* Working data *
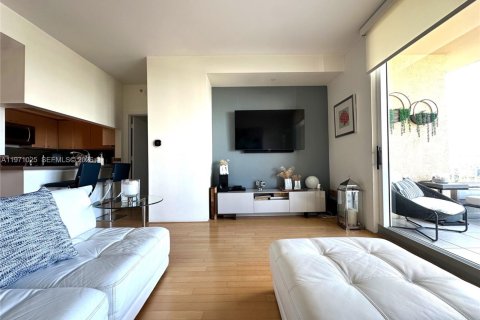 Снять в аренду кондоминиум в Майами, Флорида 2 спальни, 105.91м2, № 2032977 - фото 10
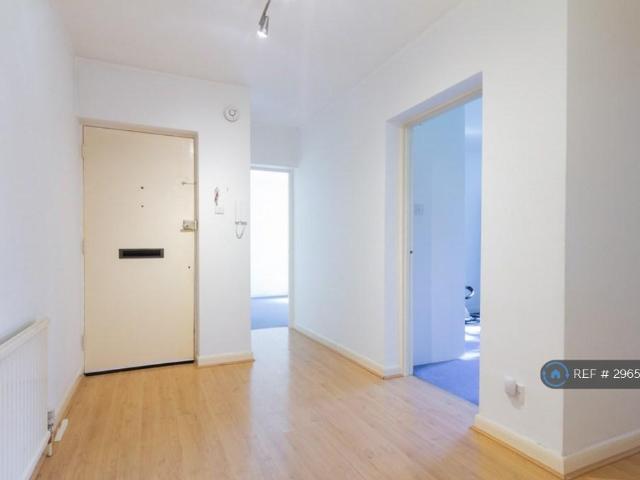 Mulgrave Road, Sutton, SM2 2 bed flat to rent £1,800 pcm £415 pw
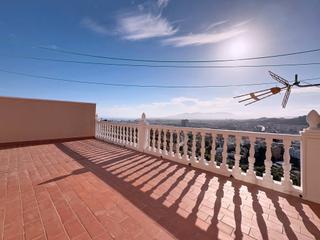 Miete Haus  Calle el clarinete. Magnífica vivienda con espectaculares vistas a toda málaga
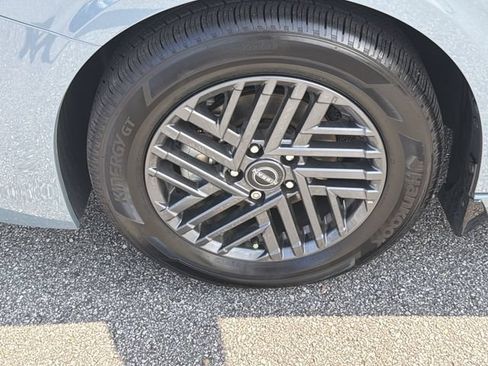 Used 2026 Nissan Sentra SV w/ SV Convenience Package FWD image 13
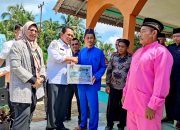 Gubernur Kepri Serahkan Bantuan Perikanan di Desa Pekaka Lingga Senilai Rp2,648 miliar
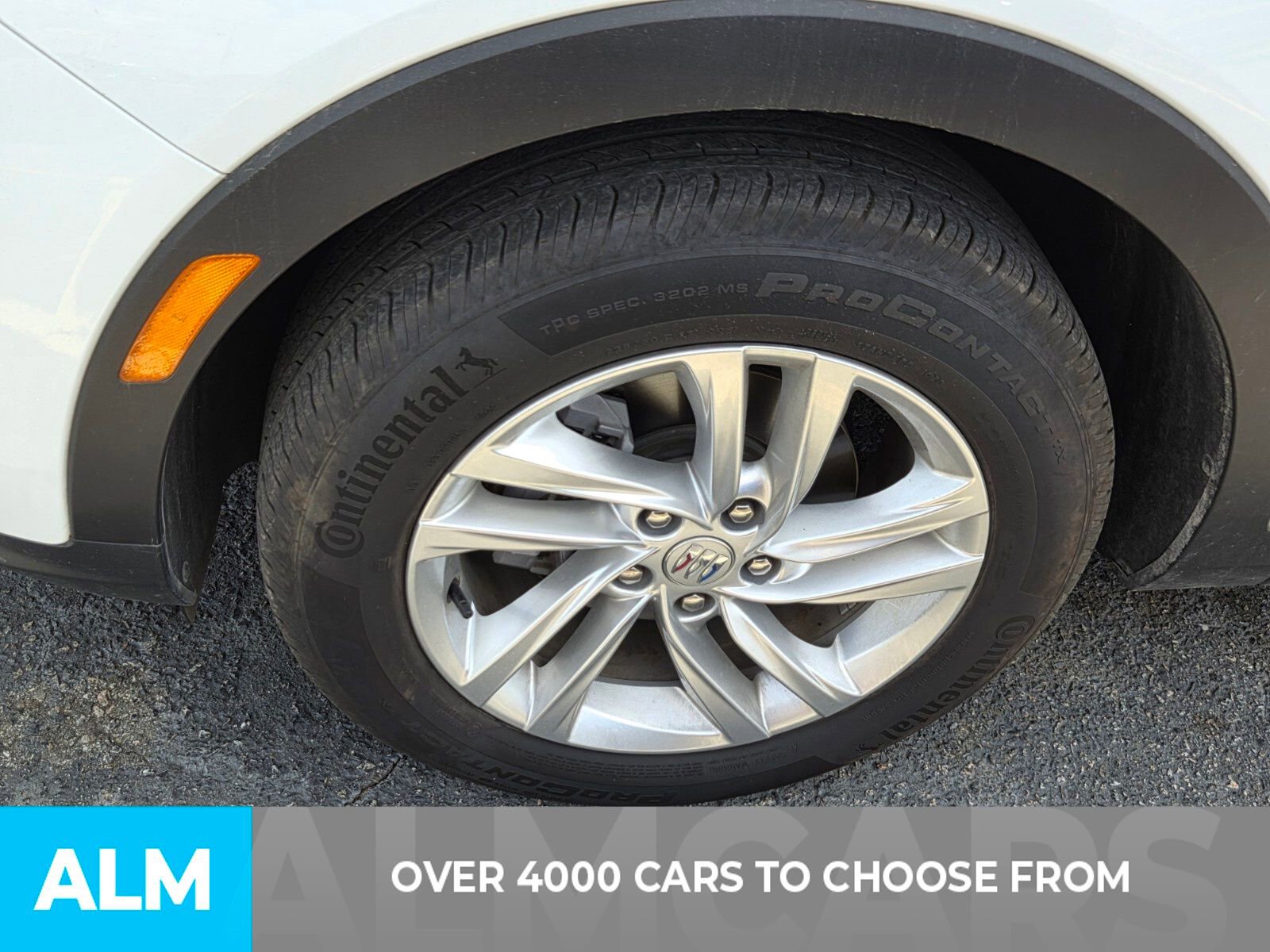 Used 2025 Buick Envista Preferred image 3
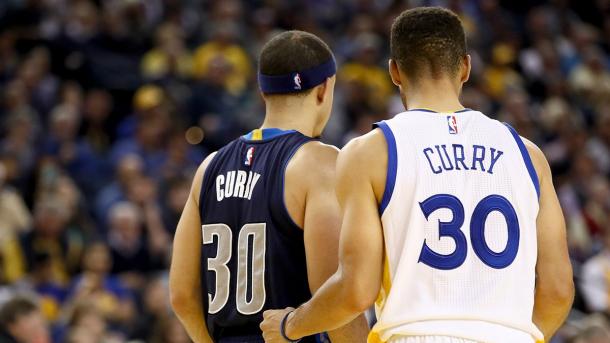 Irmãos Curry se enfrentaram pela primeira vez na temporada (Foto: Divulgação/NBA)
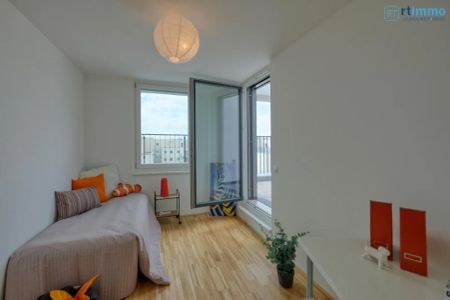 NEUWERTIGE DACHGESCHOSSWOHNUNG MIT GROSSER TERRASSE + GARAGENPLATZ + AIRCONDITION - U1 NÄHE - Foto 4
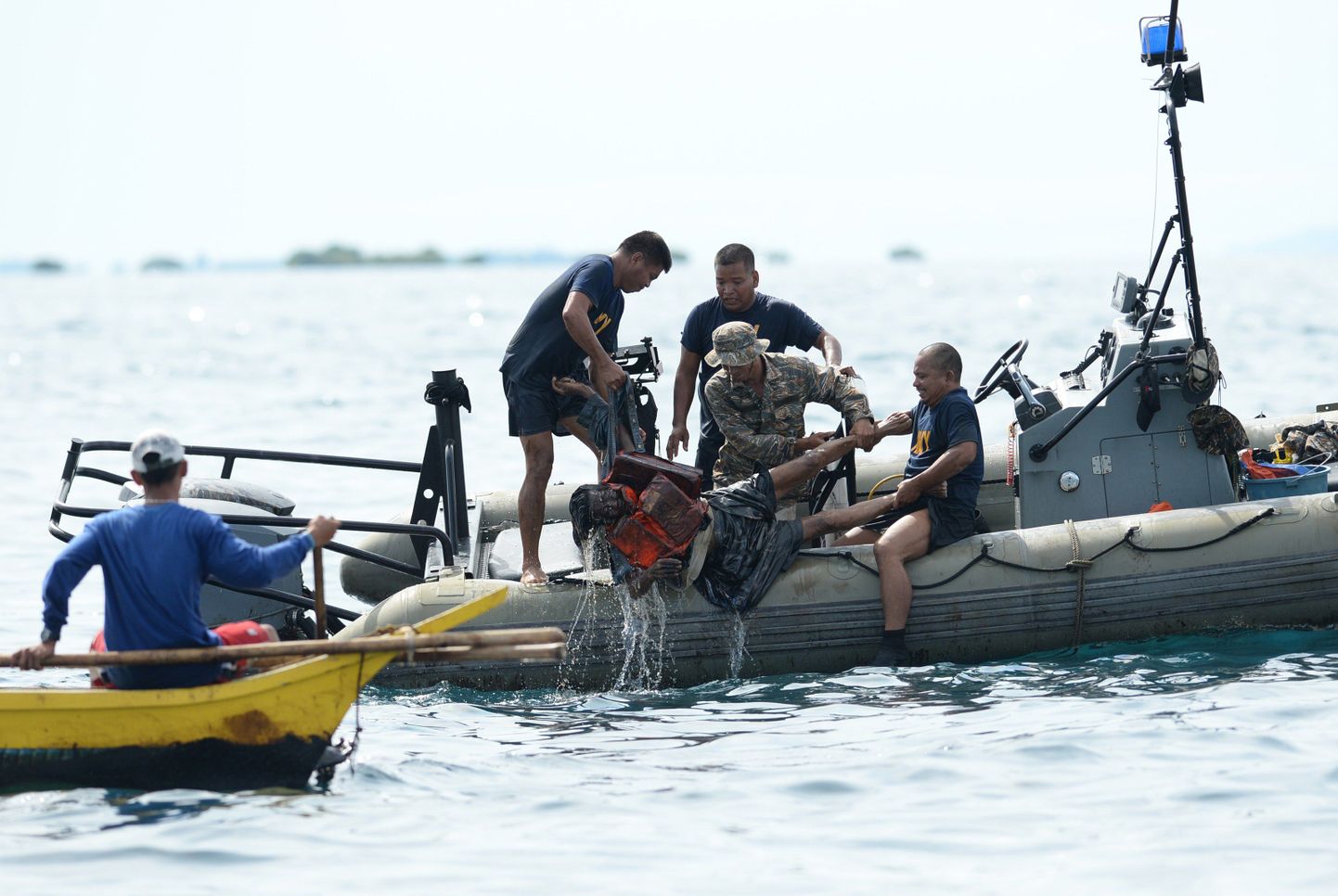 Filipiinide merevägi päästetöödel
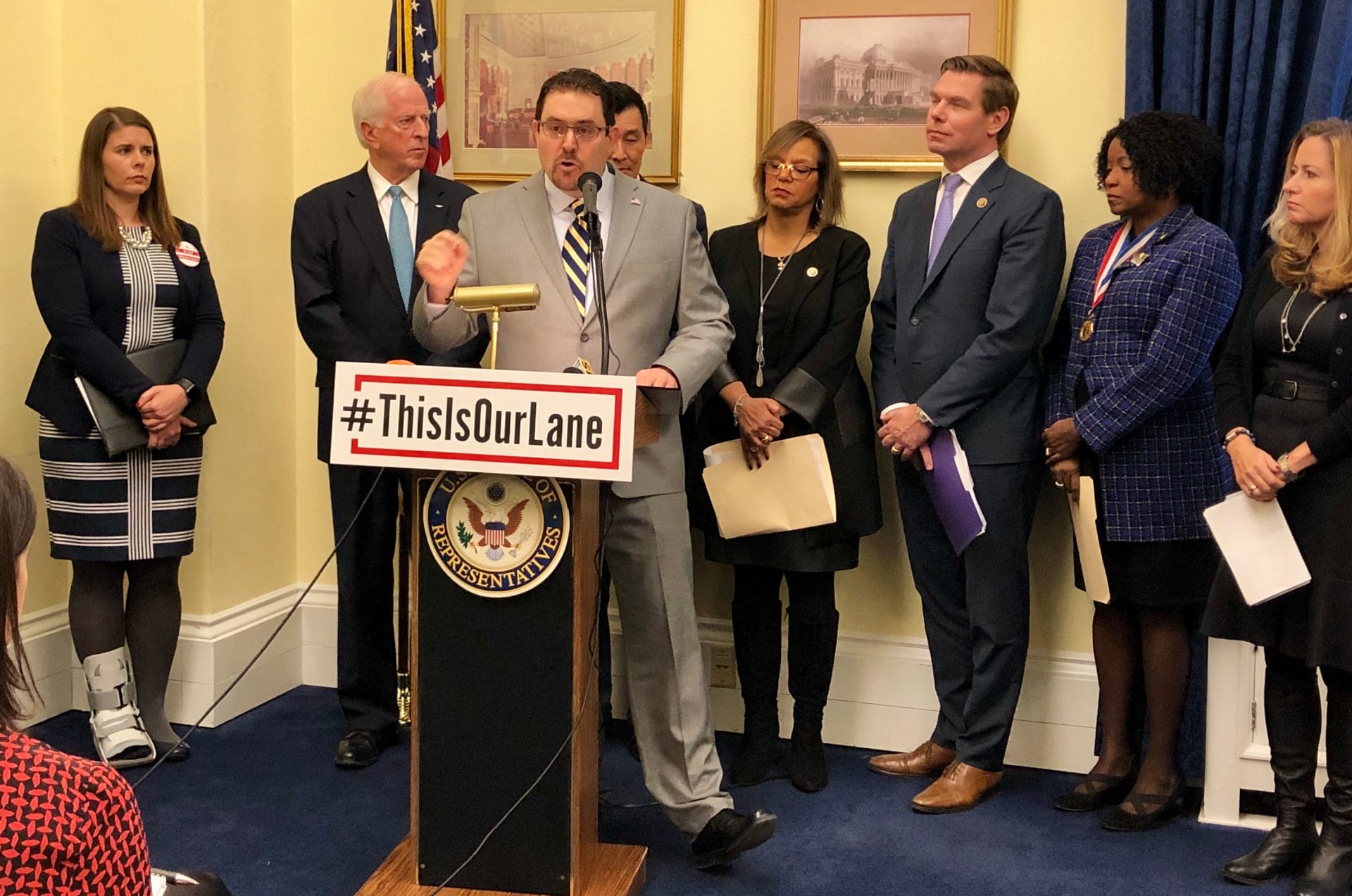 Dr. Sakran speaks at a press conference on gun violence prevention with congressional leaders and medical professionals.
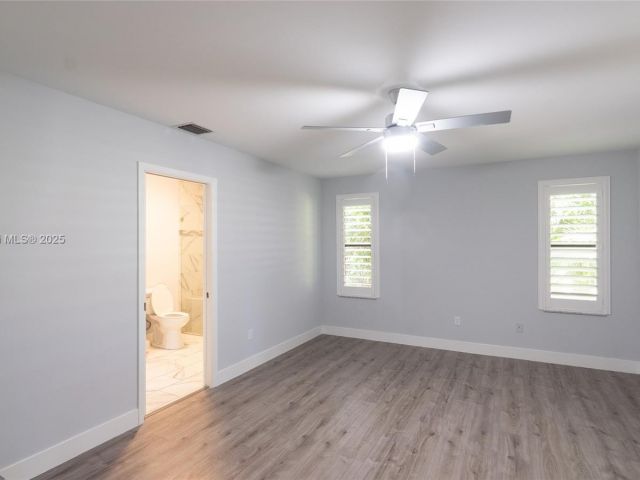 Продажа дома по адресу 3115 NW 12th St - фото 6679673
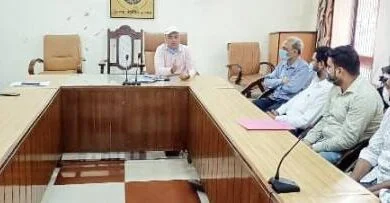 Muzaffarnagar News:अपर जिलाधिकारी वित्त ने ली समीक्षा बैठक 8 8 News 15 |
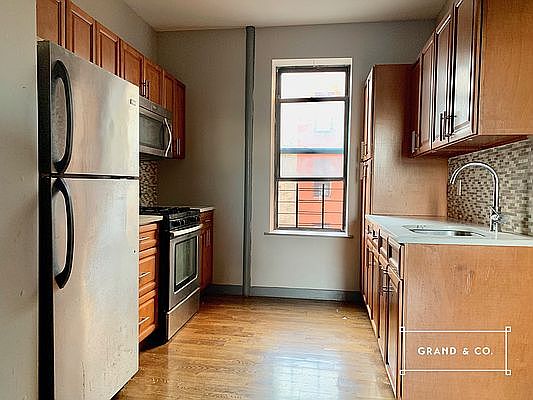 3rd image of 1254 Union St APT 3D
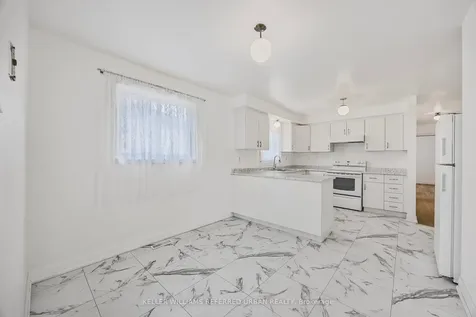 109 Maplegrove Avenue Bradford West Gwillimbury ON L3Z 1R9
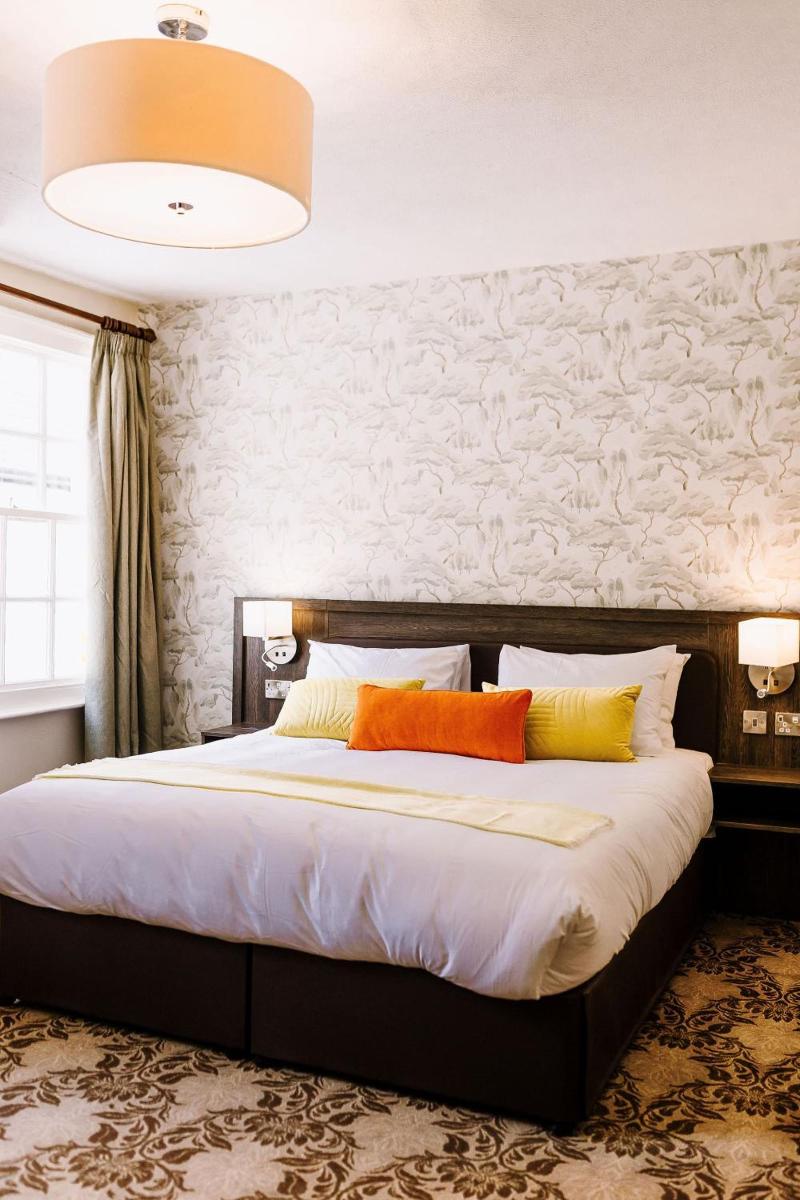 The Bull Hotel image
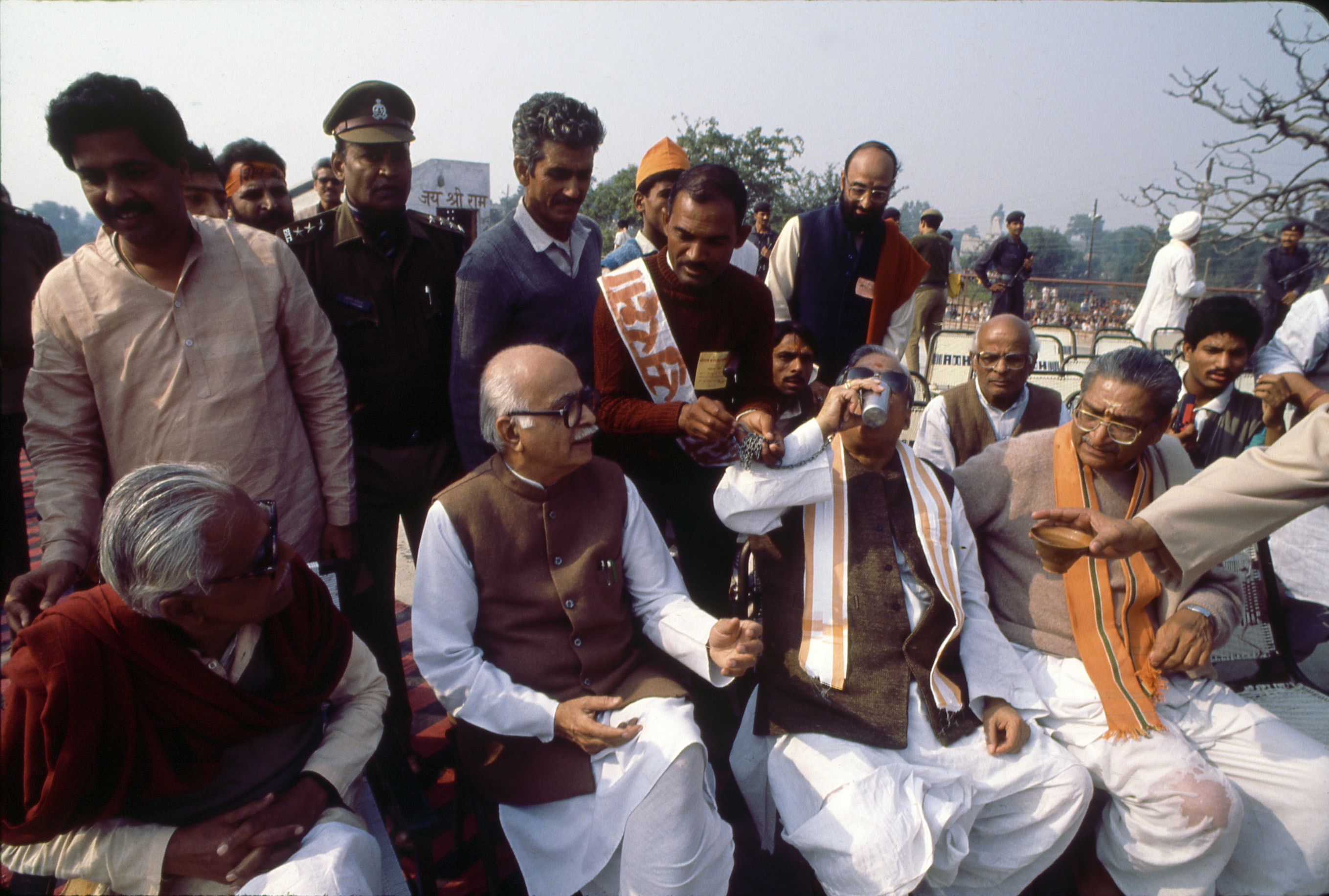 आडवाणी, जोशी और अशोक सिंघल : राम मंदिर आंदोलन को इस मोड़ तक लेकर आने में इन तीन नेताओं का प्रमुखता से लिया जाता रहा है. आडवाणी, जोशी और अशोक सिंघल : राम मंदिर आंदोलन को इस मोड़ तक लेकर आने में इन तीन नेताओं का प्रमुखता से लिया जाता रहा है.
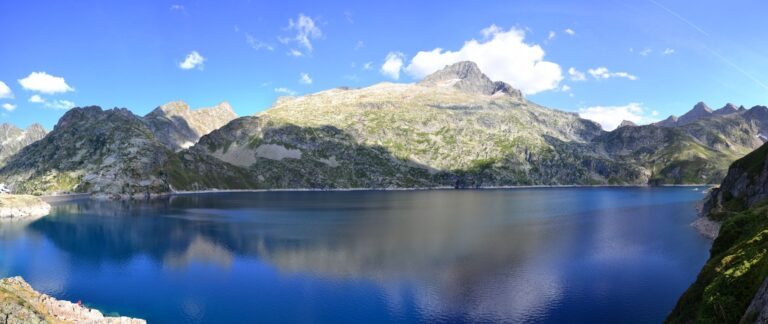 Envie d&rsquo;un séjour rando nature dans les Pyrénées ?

* Work request *
Set down word for word every line from the one containing "Used 2025 Buick Envista Preferred image 3" through the last line of the records above, both ends included. Leave out the pictures.

* Answer to this exercise *
 Used 2025 Buick Envista Preferred image 3
 Irmãos Curry se enfrentaram pela primeira vez na temporada (Foto: Divulgação/NBA)
 NEUWERTIGE DACHGESCHOSSWOHNUNG MIT GROSSER TERRASSE + GARAGENPLATZ + AIRCONDITION - U1 NÄHE - Foto 4
 Filipiinide merevägi päästetöödel
 Dr. Sakran speaks at a press conference on gun violence prevention with congressional leaders and medical professionals.
 Продажа дома по адресу 3115 NW 12th St - фото 6679673
 Muzaffarnagar News:अपर जिलाधिकारी वित्त ने ली समीक्षा बैठक 8 8 News 15 |
 3rd image of 1254 Union St APT 3D
 109 Maplegrove Avenue Bradford West Gwillimbury ON L3Z 1R9
 The Bull Hotel image
 आडवाणी, जोशी और अशोक सिंघल : राम मंदिर आंदोलन को इस मोड़ तक लेकर आने में इन तीन नेताओं का प्रमुखता से लिया जाता रहा है. आडवाणी, जोशी और अशोक सिंघल : राम मंदिर आंदोलन को इस मोड़ तक लेकर आने में इन तीन नेताओं का प्रमुखता से लिया जाता रहा है.
 Envie d&rsquo;un séjour rando nature dans les Pyrénées ?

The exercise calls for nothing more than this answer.